**SUPPLIED ENTRIES:**
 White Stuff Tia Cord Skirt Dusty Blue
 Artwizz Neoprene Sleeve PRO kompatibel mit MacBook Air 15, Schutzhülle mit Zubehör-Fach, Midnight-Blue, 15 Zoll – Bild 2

==

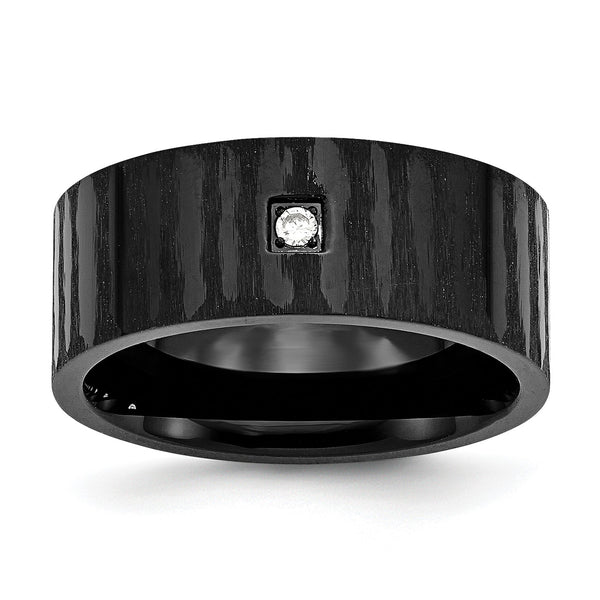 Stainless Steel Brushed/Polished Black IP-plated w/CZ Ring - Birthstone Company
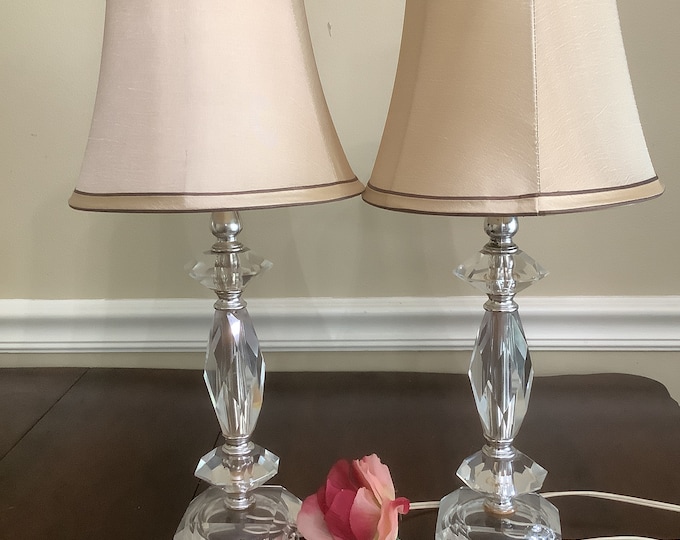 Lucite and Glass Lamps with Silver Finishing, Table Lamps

**EXERCISE PROMPT:**
Start at the line containing "Stainless Steel Brushed/Polished" above and stop at the line containing "Lucite and Glass". Output those lines exactly, both included, but none of the pictures.

**RESPONSE BOX:**
 Stainless Steel Brushed/Polished Black IP-plated w/CZ Ring - Birthstone Company
 Lucite and Glass Lamps with Silver Finishing, Table Lamps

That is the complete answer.